No livro vocês mencionam que existem alguns momentos diferentes nas cartas trocadas entre os dois; o que define esses momentos?

CC: A gente poderia pensar em pelo menos dois momentos das correspondências. Primeiro esse momento em que a gente vê um jovem Murilo titubeante, com uma postura de idolatria ao Mário de Andrade, postura essa que o Mário já quebra na primeira carta. Se o Murilo chegava de fraque e cartola, Mário estaria de chinelo, bermuda e camiseta regata, por assim dizer. Na forma de tratamento ao início das cartas e nas despedidas, a gente observa como vai se construindo uma proximidade. Mário já manda um abraço, assina somente com um “M”, rejeitando esse tratamento exagerado de Rubião. E, logo nas primeiras trocas entre os dois, Mário cria uma tensão quando fala do fracassismo; isso leva Murilo a fazer uma autodefesa e um trabalho inicial de autocrítica. Um outro Murilo aparece depois de duas vindas do Mário de Andrade a Belo Horizonte, uma em 1939 e outra em 1944, quando eles se encontram pessoalmente. Esse é um outro momento, pois eles já são apenas duas pessoas conversando, não tem mais o mestre e o discípulo. É muito interessante o modo como o Mário pede ajuda para entender a ficção rubiana, como ele auxilia o Murilo com seus contos e como, posteriormente, é o Murilo que vai fazer esse papel para outros jovens escritores. É aquela brincadeira que a gente faz do “Murilo de Andrade”. Murilo Rubião morre em 1991, deixando como legado diversos projetos, iniciativas e instituições culturais que ele criou e auxiliou a desenvolver. Ele tem esse ideal de tornar o erudito acessível à população, que é um aspecto da política cultural desenvolvida pelo Mário de Andrade.

E como era a relação do Murilo com a sua obra? Sei que ele reescrevia muitos de seus textos…

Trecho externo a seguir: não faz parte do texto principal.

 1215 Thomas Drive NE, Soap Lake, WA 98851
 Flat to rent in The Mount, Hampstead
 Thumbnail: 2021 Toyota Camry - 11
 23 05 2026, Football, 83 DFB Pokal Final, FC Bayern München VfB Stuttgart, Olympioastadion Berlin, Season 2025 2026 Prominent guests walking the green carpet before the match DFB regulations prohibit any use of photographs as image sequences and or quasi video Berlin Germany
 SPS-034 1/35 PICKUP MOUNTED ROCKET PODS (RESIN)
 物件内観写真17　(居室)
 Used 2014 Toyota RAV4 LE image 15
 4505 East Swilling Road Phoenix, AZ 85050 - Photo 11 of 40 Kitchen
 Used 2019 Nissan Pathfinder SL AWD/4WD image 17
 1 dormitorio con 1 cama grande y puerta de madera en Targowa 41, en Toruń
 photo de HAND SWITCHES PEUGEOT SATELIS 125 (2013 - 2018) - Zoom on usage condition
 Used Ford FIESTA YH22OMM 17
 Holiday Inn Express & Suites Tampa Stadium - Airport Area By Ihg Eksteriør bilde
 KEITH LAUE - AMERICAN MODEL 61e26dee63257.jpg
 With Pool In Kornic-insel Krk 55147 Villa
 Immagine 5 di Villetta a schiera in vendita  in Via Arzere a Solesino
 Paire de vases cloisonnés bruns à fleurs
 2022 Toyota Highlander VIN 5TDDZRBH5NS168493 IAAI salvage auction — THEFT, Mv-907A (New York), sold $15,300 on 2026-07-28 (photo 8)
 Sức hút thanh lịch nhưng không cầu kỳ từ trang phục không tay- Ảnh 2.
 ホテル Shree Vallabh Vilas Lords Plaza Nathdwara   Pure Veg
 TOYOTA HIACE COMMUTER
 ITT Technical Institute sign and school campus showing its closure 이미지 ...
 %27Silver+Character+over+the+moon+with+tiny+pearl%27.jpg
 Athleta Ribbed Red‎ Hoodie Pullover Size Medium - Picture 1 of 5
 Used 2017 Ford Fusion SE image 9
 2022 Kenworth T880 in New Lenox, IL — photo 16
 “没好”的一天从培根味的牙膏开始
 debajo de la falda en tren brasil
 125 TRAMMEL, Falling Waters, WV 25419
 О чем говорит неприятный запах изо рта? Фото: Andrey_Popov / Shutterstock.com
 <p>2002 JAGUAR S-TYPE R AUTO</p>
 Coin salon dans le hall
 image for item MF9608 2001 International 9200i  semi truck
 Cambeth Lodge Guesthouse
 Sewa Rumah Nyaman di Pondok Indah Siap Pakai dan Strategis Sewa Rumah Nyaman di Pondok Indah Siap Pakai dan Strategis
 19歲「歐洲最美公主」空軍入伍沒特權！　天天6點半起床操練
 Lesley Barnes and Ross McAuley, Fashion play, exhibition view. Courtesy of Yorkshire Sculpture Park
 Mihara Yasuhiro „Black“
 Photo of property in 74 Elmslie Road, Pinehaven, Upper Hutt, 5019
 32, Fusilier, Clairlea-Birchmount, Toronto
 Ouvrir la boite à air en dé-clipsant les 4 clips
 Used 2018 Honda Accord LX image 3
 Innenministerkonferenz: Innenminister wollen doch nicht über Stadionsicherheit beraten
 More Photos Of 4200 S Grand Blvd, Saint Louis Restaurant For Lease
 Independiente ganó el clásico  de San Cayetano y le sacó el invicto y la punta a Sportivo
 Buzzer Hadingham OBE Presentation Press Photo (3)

CC: A obra do Rubião quase não avança no sentido do volume. Seu primeiro livro é de 1947, mas são quase sete anos de originais rodando entre editoras. E nesse tempo o livro está sendo reescrito, os contos estão sendo reelaborados, às vezes são suprimidos parágrafos inteiros. Seus livros contavam com novos contos e com contos antigos reescritos, e foi assim até o fim da vida, quando sai o volume “Contos Reunidos”, com 33 narrativas. De modo distinto do que se diz, que ele publicou somente 33 contos, ele reescreveu esses contos obsessivamente e cada conto não era mais o mesmo. A tese do Jorge Schwartz “Murilo Rubião: A Poética do Uroboro”, orientada pelo Antonio Candido, trata justamente desse processo de reescrita. Além disso, é preciso considerar a produção ficcional inédita de Murilo (incluindo novelas inacabadas), além de artigos sobre música, cinema e teatro.

MM: Essa obra é aparentemente magra. Ela está marcada pela angústia da criação literária, pela obsessão da escrita e da reescrita, algo que já aparece na correspondência trocada com Mário.

Qual a importância do estudo e da divulgação da correspondência entre Mário de Andrade e Murilo Rubião?

MM: Essas cartas figuram a possibilidade de diálogos colaborativos, mesmo a partir de antagonismos. Precisamos de diálogos que propiciem escutas atentas, convencimentos, a compreensão mútua das diferenças, a abertura para outras formas de compreender a realidade, que não as nossas. Disso resulta a ação construtiva, que a todos afeta positivamente.

CC: Elas mostram também como esses documentos de arquivo facultam outras possibilidades de leitura dos autores dos documentos, assim como do contexto histórico, das percepções de literatura naquele contexto, percepções antagônicas, como o Marcos mencionou. Então, a divulgação desses documentos chama a atenção para a importância do trabalho com arquivos e a relevância de tais documentos para compreender a literatura e seus autores, situados em um contexto histórico específico.